(Dataset content)

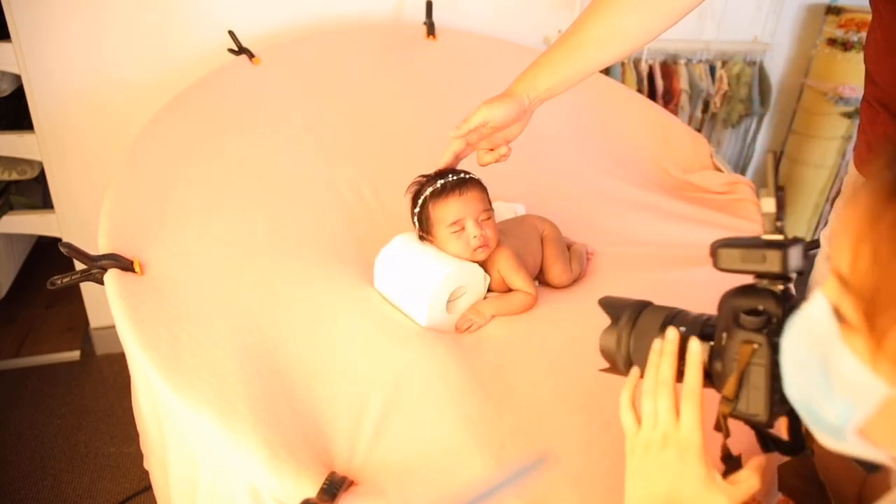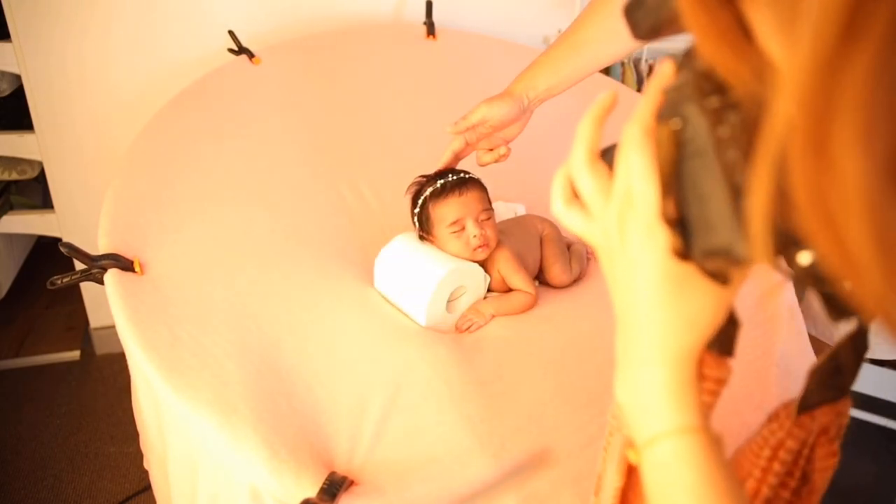Wonderful. I just asked my assistant to hold the baby's head and I start shooting.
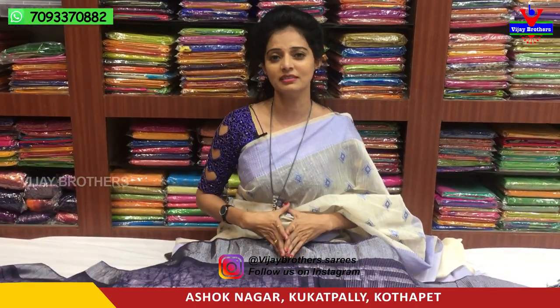Hi viewers, welcome to Vijay Brothers. This is Vijay Brothers' latest varieties shoot. We have different variations in linen jute material.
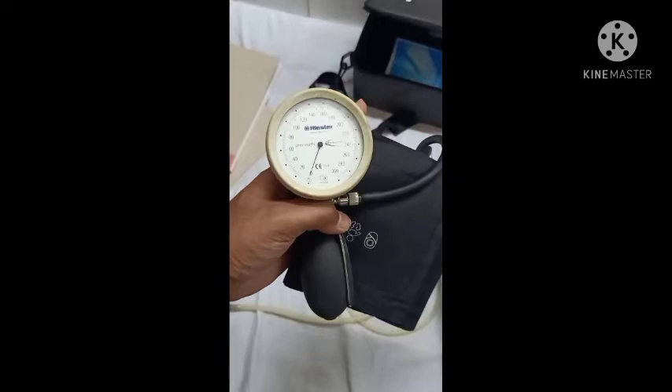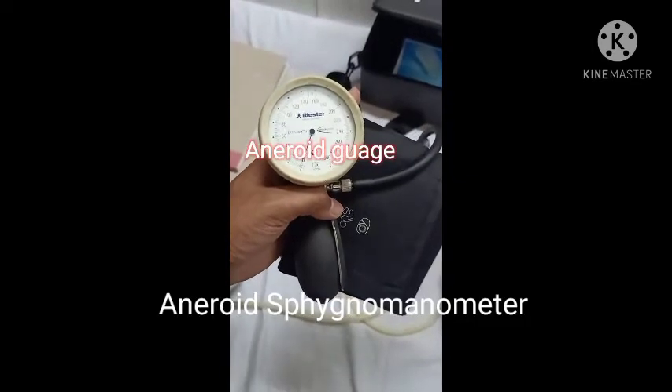It has 5 parts: an aneroid gauge, nib pick-off, hose connector, inflation bulb, and pressure release valve.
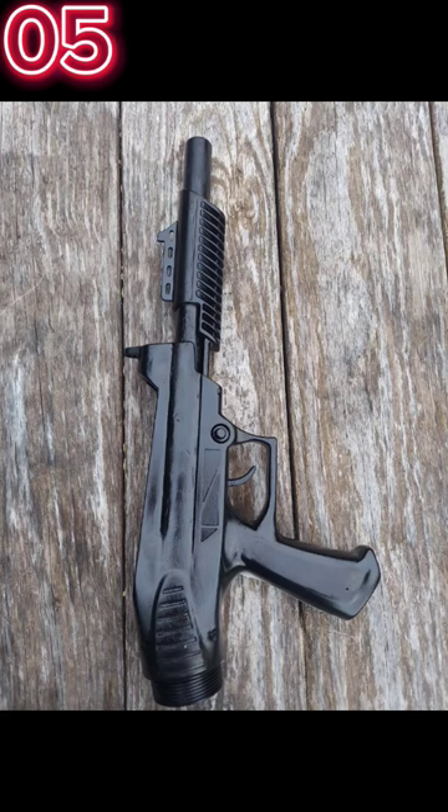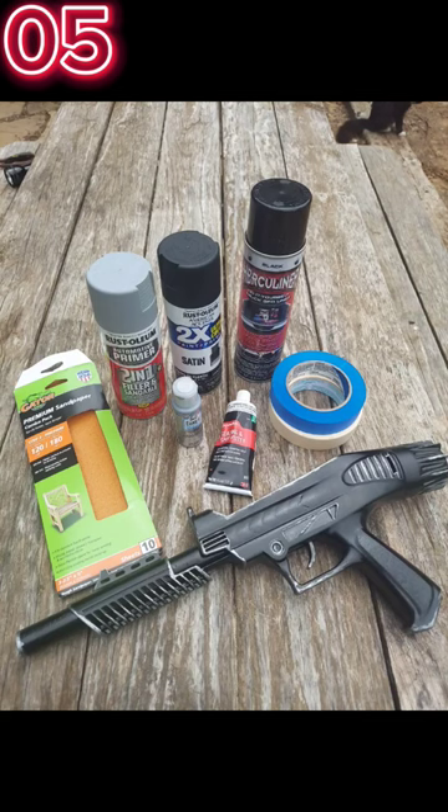After I was done with that, I painted it black, and that's when it really felt like it was coming together. I couldn't fit everything into this one video, so I'm going to make a part 2.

(End Dataset content)

_Required action_.
When copying the listing, skip the pictures and keep each line exactly as written.

_Exercise answer_.
Wonderful. I just asked my assistant to hold the baby's head and I start shooting.
Hi viewers, welcome to Vijay Brothers. This is Vijay Brothers' latest varieties shoot. We have different variations in linen jute material.
It has 5 parts: an aneroid gauge, nib pick-off, hose connector, inflation bulb, and pressure release valve.
After I was done with that, I painted it black, and that's when it really felt like it was coming together. I couldn't fit everything into this one video, so I'm going to make a part 2.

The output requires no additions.